Thursday, October 10, 2019

 


LOCAL

 

► In today’s News Tribune — UNFI plans to fight ruling in contract dispute with Tacoma distribution workers –The gradual ending of operations at the Tacoma UNFI grocery distribution site has been the center of an arbitration battle between workers and the company. On Monday, the workers won that battle, but that victory was short-lived. On Wednesday, UNFI announced that it planned to fight the arbitration decision in federal court.

ALSO at The Stand — Teamsters win big ruling in UNFI relocation to Centralia

► In today’s Columbian — Vancouver, Portland Kaiser workers vote to approve contract — A group of unionized Portland and Vancouver-area Kaiser Permanente workers has voted to approve a new national contract with the health care company, although the contract will not take effect unless several other unions also vote to ratify it. SEIU Local 49 announced Wednesday evening that its members voted “overwhelmingly” in favor of ratifying the contract. All of the coalition member unions are expected to finish voting by Oct. 19.

► In today’s News Tribune — Judge won’t dismiss case on wages of immigrant detainees — Washington state’s effort to force a privately run immigration jail to pay its detainees minimum wage for work they perform can continue after all, a federal judge ruled Wednesday.

► In the Wenatchee World — Okanogan County sued for unlawful immigration hold — A North Central Washington woman has accused the Okanogan County Jail of unlawfully detaining her at the request of the U.S. Customs and Border Protection.

► And then there’s this…

 


BOEING

 

► From Bloomberg — Cracks found on 5% of older Boeing 737 planes in inspections — More than 5% of older Boeing Co. 737 jets that underwent urgent inspections worldwide in the past week have cracks in a structure connecting the wings to the fuselage and will have to be temporarily grounded.

 


THIS WASHINGTON

 

► In today’s (Everett) Herald — If aerospace jobs decline, should tax breaks be affected? — Five years ago, a citizens commission asked state lawmakers to decide whether tax breaks received by the Boeing and other aerospace firms should be tied to the number of jobs provided, or not. On Wednesday, the same panel asked again. They unanimously agreed tax preferences enacted in 2003 and extended in 2013 are providing good-paying jobs, lowering costs for business, and preserving the industry as a whole as lawmakers intended. But commissioners were unable to assess if that suite of tax breaks is achieving a fourth goal, to “maintain and grow” the aerospace workforce.

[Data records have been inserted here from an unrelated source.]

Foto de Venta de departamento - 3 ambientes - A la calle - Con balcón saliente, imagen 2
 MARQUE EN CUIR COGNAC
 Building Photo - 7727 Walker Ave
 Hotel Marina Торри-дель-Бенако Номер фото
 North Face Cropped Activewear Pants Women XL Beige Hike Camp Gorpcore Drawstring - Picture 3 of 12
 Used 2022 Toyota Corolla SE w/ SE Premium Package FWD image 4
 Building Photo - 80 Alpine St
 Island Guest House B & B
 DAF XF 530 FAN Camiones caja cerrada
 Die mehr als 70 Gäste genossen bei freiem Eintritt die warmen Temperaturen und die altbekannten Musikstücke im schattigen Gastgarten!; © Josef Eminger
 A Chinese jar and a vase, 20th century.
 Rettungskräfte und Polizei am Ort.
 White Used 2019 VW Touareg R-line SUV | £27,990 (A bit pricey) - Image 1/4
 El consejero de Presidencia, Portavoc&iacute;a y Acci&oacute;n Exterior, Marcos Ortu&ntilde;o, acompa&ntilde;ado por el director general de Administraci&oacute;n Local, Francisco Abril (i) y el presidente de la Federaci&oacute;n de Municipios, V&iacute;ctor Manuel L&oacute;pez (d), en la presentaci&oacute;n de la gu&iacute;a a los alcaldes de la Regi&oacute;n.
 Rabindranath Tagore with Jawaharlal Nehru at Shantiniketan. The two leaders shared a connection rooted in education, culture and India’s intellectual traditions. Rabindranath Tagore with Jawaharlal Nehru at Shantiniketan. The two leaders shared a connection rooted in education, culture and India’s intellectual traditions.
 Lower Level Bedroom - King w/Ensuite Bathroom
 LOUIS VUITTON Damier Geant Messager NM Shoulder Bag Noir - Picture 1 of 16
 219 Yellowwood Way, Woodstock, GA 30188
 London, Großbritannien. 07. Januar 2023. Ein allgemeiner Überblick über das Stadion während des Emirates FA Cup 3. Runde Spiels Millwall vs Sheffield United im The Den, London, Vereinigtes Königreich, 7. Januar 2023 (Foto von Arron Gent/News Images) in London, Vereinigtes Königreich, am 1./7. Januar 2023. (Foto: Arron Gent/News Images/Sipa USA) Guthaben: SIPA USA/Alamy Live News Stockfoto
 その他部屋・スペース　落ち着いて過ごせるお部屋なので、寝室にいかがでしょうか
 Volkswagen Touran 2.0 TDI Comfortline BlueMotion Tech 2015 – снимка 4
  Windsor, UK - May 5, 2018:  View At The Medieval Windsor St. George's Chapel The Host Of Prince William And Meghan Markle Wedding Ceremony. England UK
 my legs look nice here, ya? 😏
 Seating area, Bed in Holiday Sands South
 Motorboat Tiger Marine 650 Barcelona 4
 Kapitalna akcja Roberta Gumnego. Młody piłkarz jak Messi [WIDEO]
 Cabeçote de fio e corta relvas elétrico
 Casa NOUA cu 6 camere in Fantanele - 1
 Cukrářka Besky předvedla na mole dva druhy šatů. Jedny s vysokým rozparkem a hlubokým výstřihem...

► In today’s (Longview) Daily News — Ecology pauses Kalama methanol permit decision — A key permit decision for the proposed Kalama methanol project is on hold after the state Department of Ecology announced Wednesday it is pausing its review to ask for more information.

► In today’s (Everett) Herald — A boring election for state seats in 2020? Try nine of them (by Jerry Cornfield) — Nine of the most powerful political jobs in Washington will be filled by voters in 2020, but next year is shaping up to be one of the least competitive election cycles for these jobs in awhile. To be frank, it could be boring.

 


INTERNATIONAL TRADE

 

► In today’s Washington Post — Trumka says fast action on trade pact with Canada and Mexico would be ‘colossal mistake’ — A key labor leader has warned House Democrats not to expedite approval of a new North American trade deal, saying that the agreement remains far from complete and that a vote in coming weeks would be a “colossal mistake.” “If there was a vote before Thanksgiving, the agreement would be defeated,” AFL-CIO President Richard Trumka said. Support from the 12.5 million-strong AFL-CIO would be critical in persuading many House Democrats to back the new trade deal, giving Trumka enormous sway in negotiations. House Speaker Nancy Pelosi (D-Calif.) has avoided laying out a timetable, saying that the deal would be brought to the House floor when it’s ready. But she has also sounded notes of optimism and urgency, telling reporters last week: “We are on a path to yes.”

ALSO at The Stand:

Without fixes, AFL-CIO must oppose the new NAFTA (Sept. 17)
Making sense of NAFTA and its replacement (by Stan Sorscher, June 10)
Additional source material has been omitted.